- **TO DO**
Give back, exactly and with nothing else, the lines running from the one that contains "this 1456×819 image." to the end of the entries below; do not include pictures.

Text-to-region grounding data
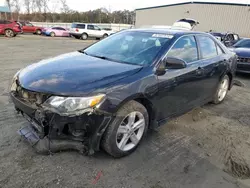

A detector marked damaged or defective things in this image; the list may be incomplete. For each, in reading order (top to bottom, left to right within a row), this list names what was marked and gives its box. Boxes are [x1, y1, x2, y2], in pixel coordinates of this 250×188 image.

damaged front bumper [10, 92, 112, 155]
cracked headlight [42, 94, 105, 115]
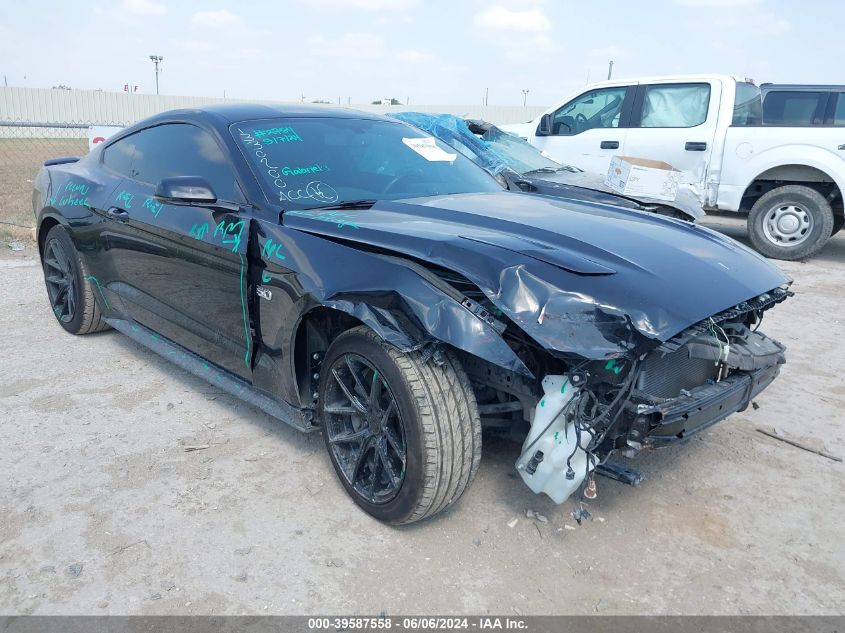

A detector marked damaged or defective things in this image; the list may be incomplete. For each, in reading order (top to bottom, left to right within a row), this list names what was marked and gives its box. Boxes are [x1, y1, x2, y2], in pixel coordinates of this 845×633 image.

crumpled hood [284, 193, 792, 358]
damaged front end [512, 290, 788, 504]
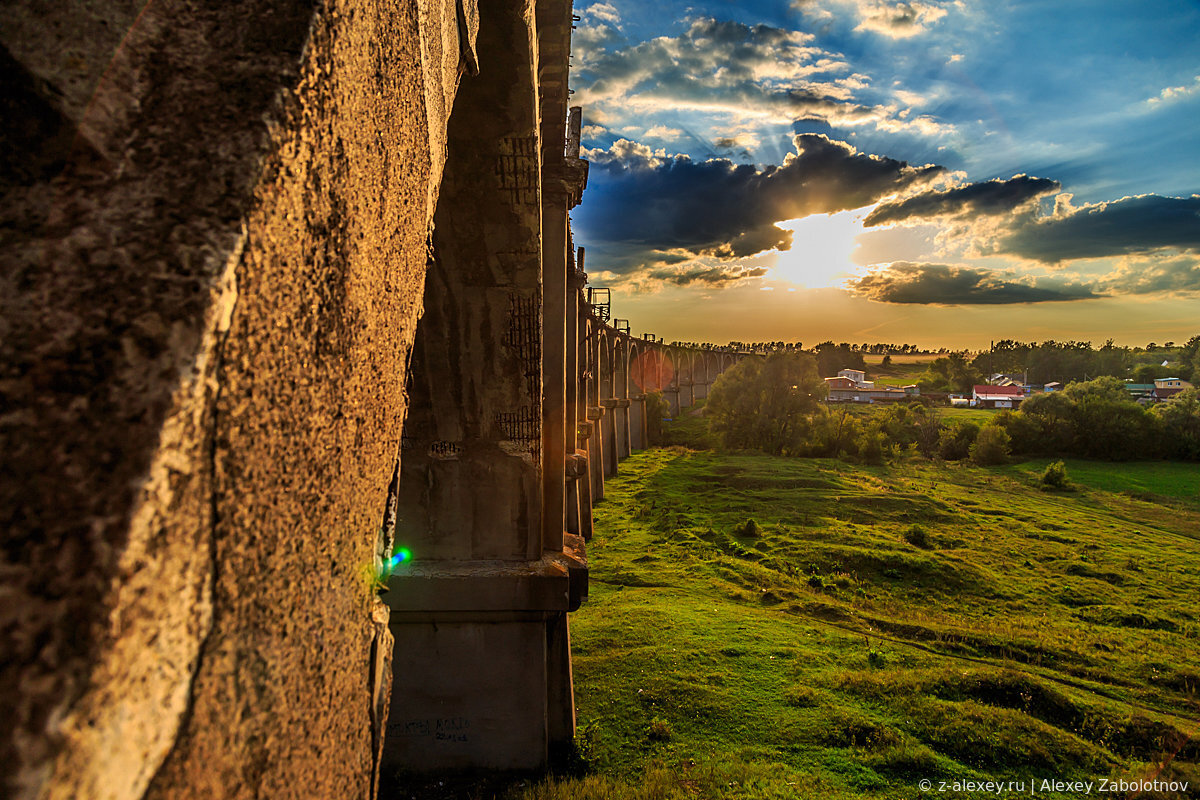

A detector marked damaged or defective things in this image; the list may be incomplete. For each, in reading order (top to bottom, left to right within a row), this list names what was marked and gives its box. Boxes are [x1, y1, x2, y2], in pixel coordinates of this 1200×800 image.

cracked concrete wall [1, 1, 477, 800]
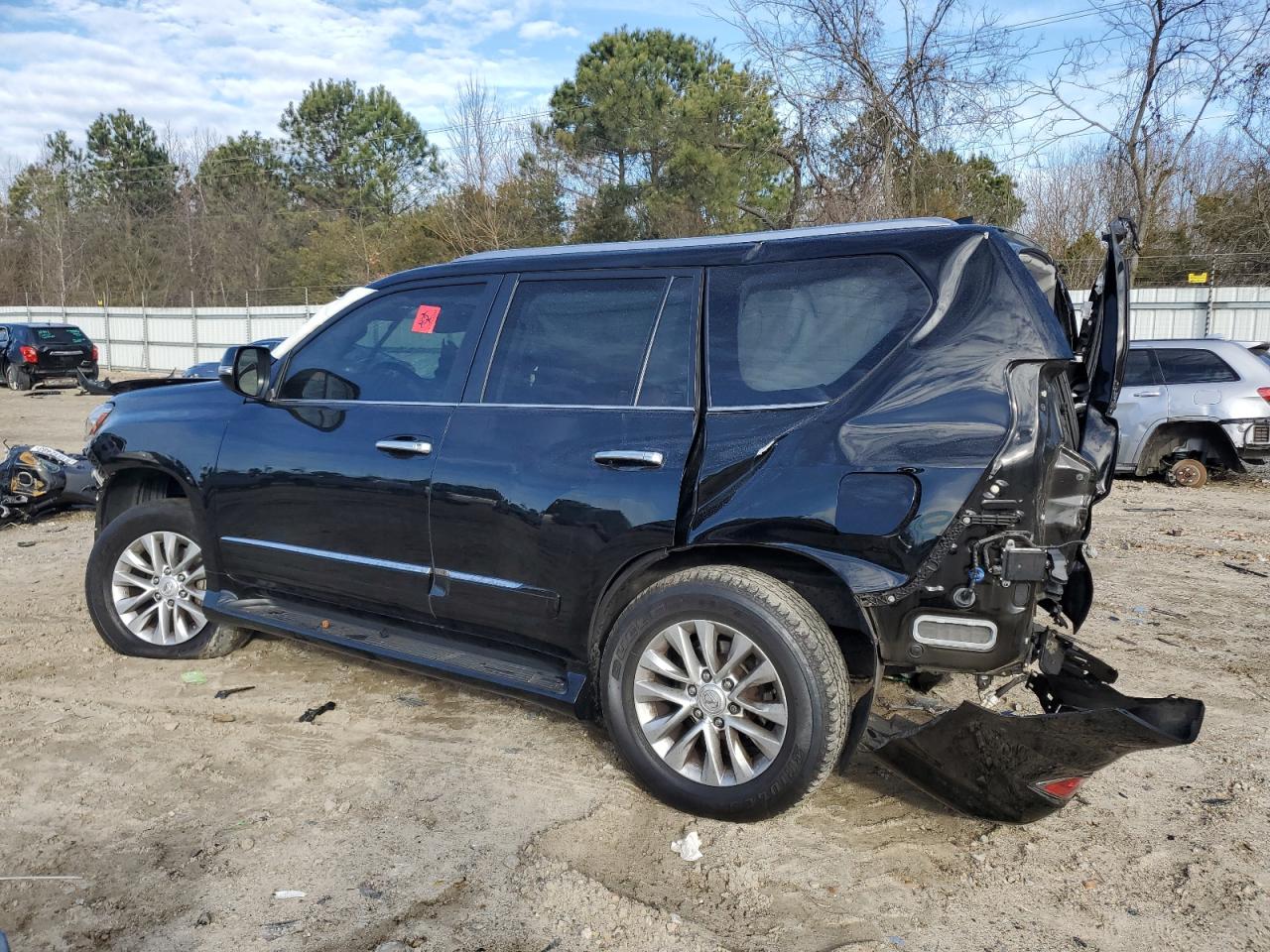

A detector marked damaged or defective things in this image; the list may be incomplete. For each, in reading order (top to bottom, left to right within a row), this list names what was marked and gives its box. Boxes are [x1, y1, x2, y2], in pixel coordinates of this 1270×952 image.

damaged silver suv [86, 219, 1199, 821]
detached rear bumper [869, 635, 1206, 821]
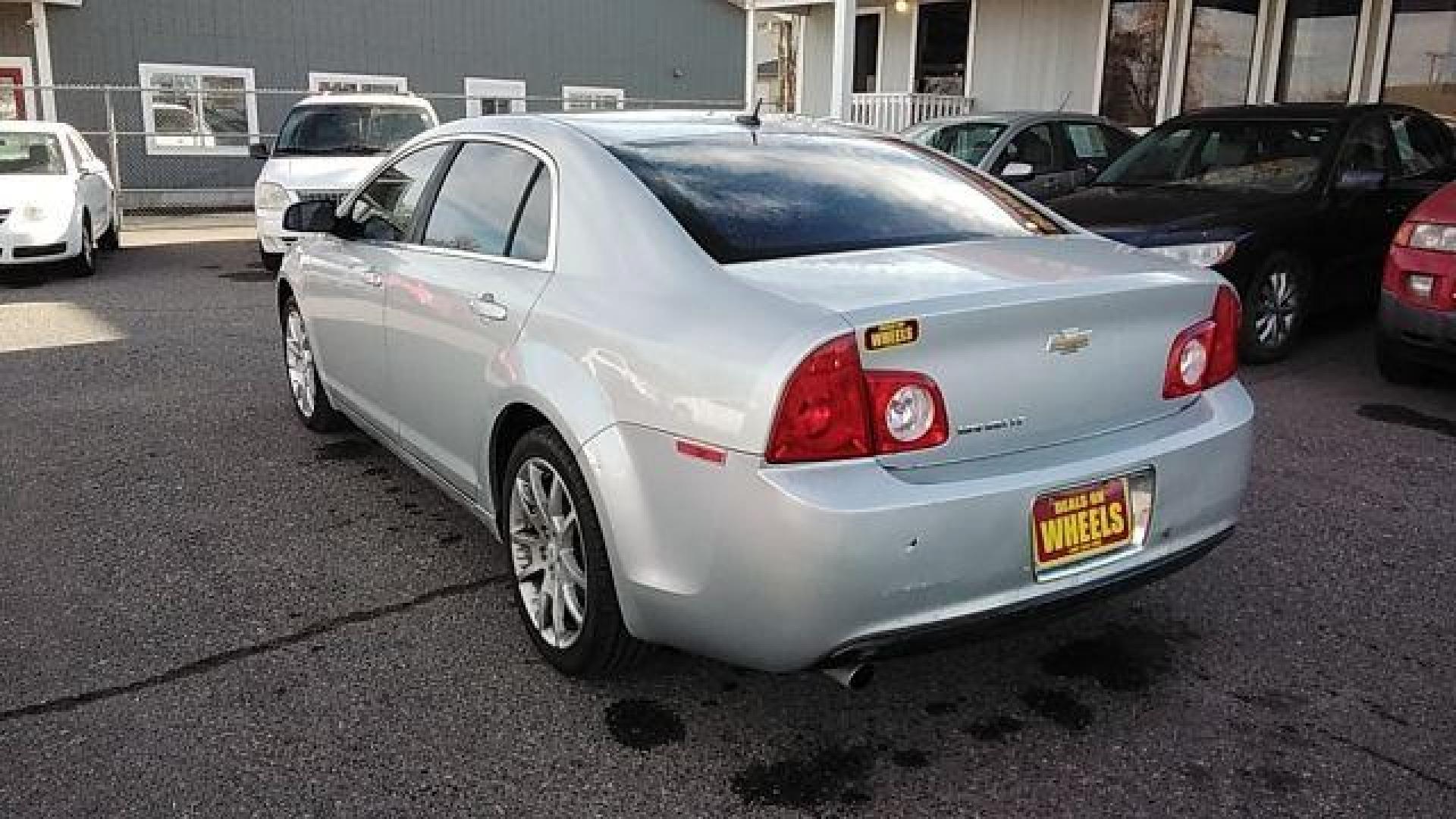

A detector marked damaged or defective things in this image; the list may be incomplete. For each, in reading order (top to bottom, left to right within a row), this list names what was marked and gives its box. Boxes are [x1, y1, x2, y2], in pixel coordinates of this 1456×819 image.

pavement crack [0, 574, 512, 720]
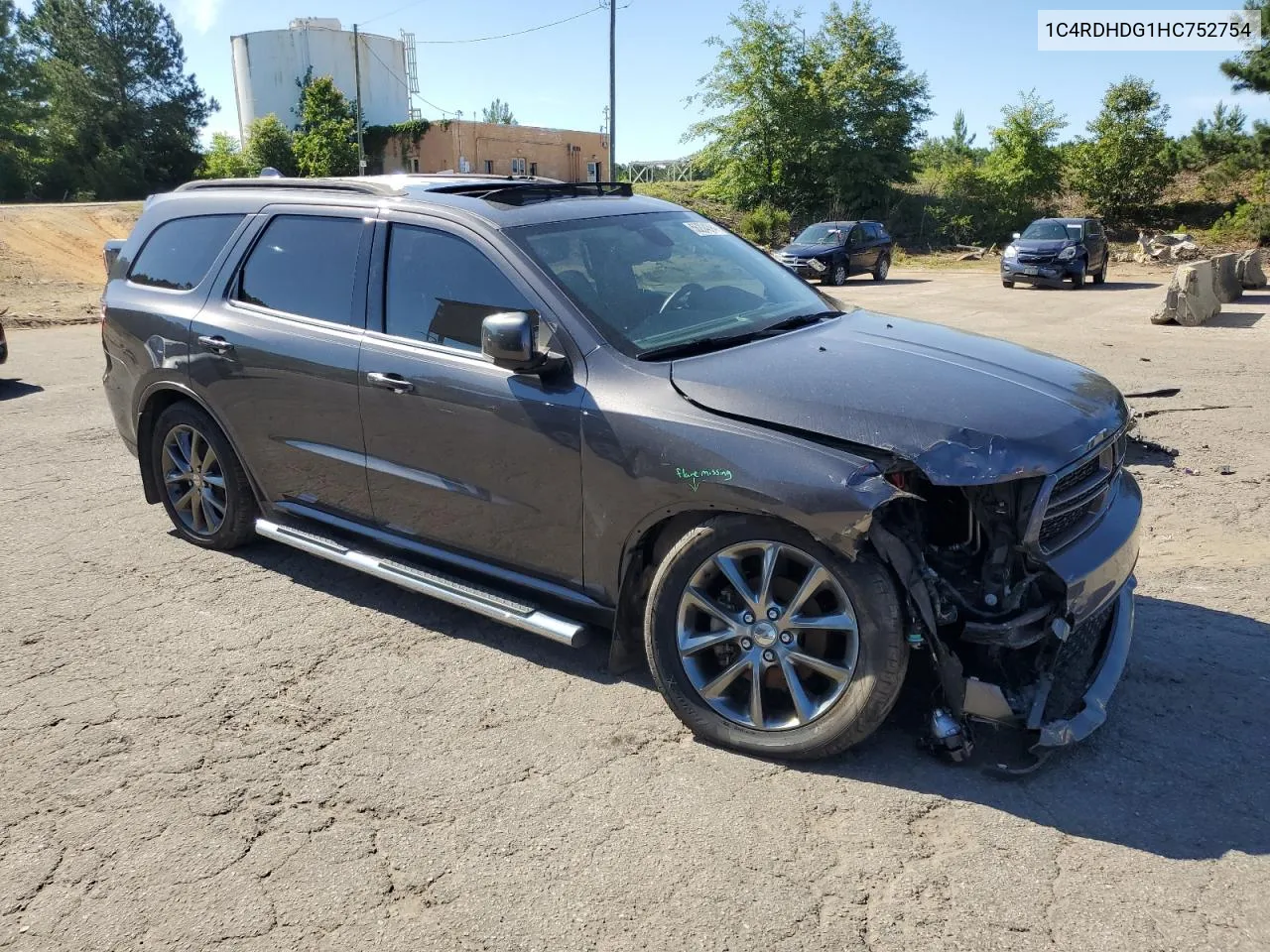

- **ANSWER BOX**
A detector marked damaged or defective things in this image; the list may be incomplete. For each, in reading order (top to bottom, left to right within a row), this list names what was marked and gives its box. Boxes are [x1, y1, x2, y2], in pixel coordinates of this 1456×819 image.

pavement crack [0, 574, 512, 720]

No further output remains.